Gli episodi più esilaranti hanno tutti a che fare con questa tema: don Camillo compra l’Unità da Peppone e si stupisce che non sia scritta in russo; il curato sfotte il trabiccolo del sindaco chiedendogli se è un auto russa e se va “a promesse elettorali”; durante un comizio basato sui soliti luoghi comuni sovieto-marxisti, don Camillo diffonde sulla piazza il canto patriottico “La canzone del Piave” e costringe Peppone a passare a toni più nazionalisti; nella fattoria di un aderente al partito è tenuto nascosto un carro armato in attesa della “rivoluzione proletaria” (tematica oggi poco comprensibile ma di grande attualità ancora negli anni cinquanta, poiché numerosi erano gli arsenali segreti del Pci, formati da armi non riconsegnate alla fine della guerra civile). Guareschi dunque parla in modo semplice e schietto, denuncia l’antiitalianità delle forze di opposizione e le invita a smetterla con questa farsa filosovietica; purtroppo nessuno dei dirigenti del partito comunista gli ha dato retta e si è dovuto attendere ben oltre la caduta del muro di Berlino per vedere finalmente posto in atto questo radicale ripensamento (avvenuto nel 1991, quando Mosca non poteva più fare regalie di alcun genere, essendosi sciolto il PCUS... ) che si è rapidamente trasformato in un’imbarazzata cancellazione di quel passato. Insomma Guareschi aveva ragione e Togliatti – che in un comizio definì Guareschi “tre volte idiota moltiplicato tre” (riferendosi alla ben nota invenzione umoristica dei trinariciuti) - aveva torto (lo dimostra la Storia a partire dal 1989).
A parte questo tema e i suoi sviluppi filmici, le altre storielle sono schizzi poco interessanti: Peppone vorrebbe tradire la moglie con una giovane segretaria del partito; la banda di Peppone ruba le galline a don Camillo; il sindaco deve fare gli esami di quinta elementare e viene aiutato dall’amico sacerdote ecc.

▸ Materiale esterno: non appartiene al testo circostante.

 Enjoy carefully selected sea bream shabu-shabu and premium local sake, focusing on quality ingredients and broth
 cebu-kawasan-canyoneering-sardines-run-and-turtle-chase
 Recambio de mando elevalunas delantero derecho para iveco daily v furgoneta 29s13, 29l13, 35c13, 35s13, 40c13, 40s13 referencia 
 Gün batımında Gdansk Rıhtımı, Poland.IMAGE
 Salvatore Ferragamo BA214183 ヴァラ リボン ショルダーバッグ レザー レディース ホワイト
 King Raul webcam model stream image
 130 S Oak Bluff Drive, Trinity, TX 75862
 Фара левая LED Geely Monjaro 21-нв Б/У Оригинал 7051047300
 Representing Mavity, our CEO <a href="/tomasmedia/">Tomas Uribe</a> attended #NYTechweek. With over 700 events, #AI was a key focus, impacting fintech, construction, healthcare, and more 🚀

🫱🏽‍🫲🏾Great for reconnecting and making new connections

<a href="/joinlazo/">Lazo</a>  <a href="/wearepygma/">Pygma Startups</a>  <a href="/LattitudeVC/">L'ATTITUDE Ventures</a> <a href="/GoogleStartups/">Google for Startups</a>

Ricordiamo infine che nel 1983 Terence Hill dirige un remake del primo Don Camillo nel quale interpreta il ruolo principale e affida all’attore inglese Colin Blakely la parte di Peppone. Gli episodi sono all’incirca gli stessi (si aggiunge quello della vincita al totocalcio che appartiene invece al terzo film della serie), l’ambientazione è stata spostata a Pomponesco negli anni ottanta, Don Camillo scorrazza su una motoretta da cross che ha sostituito la vecchia bicicletta e il tutto suona terribilmento sciatto e televisivo. Da dimenticare.